*** Opening of INFORMATION ***

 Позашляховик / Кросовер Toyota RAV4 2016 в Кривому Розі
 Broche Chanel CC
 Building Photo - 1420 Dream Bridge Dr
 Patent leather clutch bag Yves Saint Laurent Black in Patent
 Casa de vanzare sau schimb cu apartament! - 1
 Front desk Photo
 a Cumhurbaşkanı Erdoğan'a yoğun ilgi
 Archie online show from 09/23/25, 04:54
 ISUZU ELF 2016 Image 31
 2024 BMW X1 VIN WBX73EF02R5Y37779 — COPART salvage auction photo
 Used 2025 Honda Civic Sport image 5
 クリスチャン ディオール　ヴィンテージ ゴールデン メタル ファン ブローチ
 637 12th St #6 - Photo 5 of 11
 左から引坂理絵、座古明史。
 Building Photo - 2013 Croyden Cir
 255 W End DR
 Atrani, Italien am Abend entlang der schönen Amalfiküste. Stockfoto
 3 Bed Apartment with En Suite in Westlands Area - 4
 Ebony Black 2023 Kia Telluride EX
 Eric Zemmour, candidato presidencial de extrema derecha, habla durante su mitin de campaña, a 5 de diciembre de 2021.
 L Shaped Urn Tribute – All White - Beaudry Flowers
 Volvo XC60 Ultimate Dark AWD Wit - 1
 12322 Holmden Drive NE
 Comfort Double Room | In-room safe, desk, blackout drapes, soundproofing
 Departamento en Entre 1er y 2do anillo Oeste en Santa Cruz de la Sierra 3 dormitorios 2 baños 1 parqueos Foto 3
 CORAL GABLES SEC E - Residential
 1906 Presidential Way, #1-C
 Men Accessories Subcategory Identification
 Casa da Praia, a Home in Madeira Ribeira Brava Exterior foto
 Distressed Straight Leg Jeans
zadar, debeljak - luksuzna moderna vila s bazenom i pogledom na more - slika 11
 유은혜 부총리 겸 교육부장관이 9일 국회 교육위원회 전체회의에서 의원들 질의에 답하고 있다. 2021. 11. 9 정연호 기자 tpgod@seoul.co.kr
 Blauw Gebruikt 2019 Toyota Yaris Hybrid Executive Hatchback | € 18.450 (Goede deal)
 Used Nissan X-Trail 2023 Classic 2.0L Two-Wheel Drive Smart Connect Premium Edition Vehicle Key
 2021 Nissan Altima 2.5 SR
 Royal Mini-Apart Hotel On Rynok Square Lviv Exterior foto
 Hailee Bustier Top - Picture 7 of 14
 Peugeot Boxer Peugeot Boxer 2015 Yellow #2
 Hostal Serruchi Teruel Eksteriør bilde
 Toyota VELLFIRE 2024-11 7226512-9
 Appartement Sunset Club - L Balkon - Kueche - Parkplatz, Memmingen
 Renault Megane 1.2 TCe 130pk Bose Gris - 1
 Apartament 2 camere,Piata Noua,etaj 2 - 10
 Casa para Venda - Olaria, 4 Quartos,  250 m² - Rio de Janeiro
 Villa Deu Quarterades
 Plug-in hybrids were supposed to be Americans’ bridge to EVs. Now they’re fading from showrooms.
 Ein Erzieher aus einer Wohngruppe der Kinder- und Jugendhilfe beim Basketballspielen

*** Close of INFORMATION ***

_THE TASK_
Print each line of the data exactly. Keep all of it.

_SOLVED PROBLEM_
 Позашляховик / Кросовер Toyota RAV4 2016 в Кривому Розі
 Broche Chanel CC
 Building Photo - 1420 Dream Bridge Dr
 Patent leather clutch bag Yves Saint Laurent Black in Patent
 Casa de vanzare sau schimb cu apartament! - 1
 Front desk Photo
 a Cumhurbaşkanı Erdoğan'a yoğun ilgi
 Archie online show from 09/23/25, 04:54
 ISUZU ELF 2016 Image 31
 2024 BMW X1 VIN WBX73EF02R5Y37779 — COPART salvage auction photo
 Used 2025 Honda Civic Sport image 5
 クリスチャン ディオール　ヴィンテージ ゴールデン メタル ファン ブローチ
 637 12th St #6 - Photo 5 of 11
 左から引坂理絵、座古明史。
 Building Photo - 2013 Croyden Cir
 255 W End DR
 Atrani, Italien am Abend entlang der schönen Amalfiküste. Stockfoto
 3 Bed Apartment with En Suite in Westlands Area - 4
 Ebony Black 2023 Kia Telluride EX
 Eric Zemmour, candidato presidencial de extrema derecha, habla durante su mitin de campaña, a 5 de diciembre de 2021.
 L Shaped Urn Tribute – All White - Beaudry Flowers
 Volvo XC60 Ultimate Dark AWD Wit - 1
 12322 Holmden Drive NE
 Comfort Double Room | In-room safe, desk, blackout drapes, soundproofing
 Departamento en Entre 1er y 2do anillo Oeste en Santa Cruz de la Sierra 3 dormitorios 2 baños 1 parqueos Foto 3
 CORAL GABLES SEC E - Residential
 1906 Presidential Way, #1-C
 Men Accessories Subcategory Identification
 Casa da Praia, a Home in Madeira Ribeira Brava Exterior foto
 Distressed Straight Leg Jeans
zadar, debeljak - luksuzna moderna vila s bazenom i pogledom na more - slika 11
 유은혜 부총리 겸 교육부장관이 9일 국회 교육위원회 전체회의에서 의원들 질의에 답하고 있다. 2021. 11. 9 정연호 기자 tpgod@seoul.co.kr
 Blauw Gebruikt 2019 Toyota Yaris Hybrid Executive Hatchback | € 18.450 (Goede deal)
 Used Nissan X-Trail 2023 Classic 2.0L Two-Wheel Drive Smart Connect Premium Edition Vehicle Key
 2021 Nissan Altima 2.5 SR
 Royal Mini-Apart Hotel On Rynok Square Lviv Exterior foto
 Hailee Bustier Top - Picture 7 of 14
 Peugeot Boxer Peugeot Boxer 2015 Yellow #2
 Hostal Serruchi Teruel Eksteriør bilde
 Toyota VELLFIRE 2024-11 7226512-9
 Appartement Sunset Club - L Balkon - Kueche - Parkplatz, Memmingen
 Renault Megane 1.2 TCe 130pk Bose Gris - 1
 Apartament 2 camere,Piata Noua,etaj 2 - 10
 Casa para Venda - Olaria, 4 Quartos,  250 m² - Rio de Janeiro
 Villa Deu Quarterades
 Plug-in hybrids were supposed to be Americans’ bridge to EVs. Now they’re fading from showrooms.
 Ein Erzieher aus einer Wohngruppe der Kinder- und Jugendhilfe beim Basketballspielen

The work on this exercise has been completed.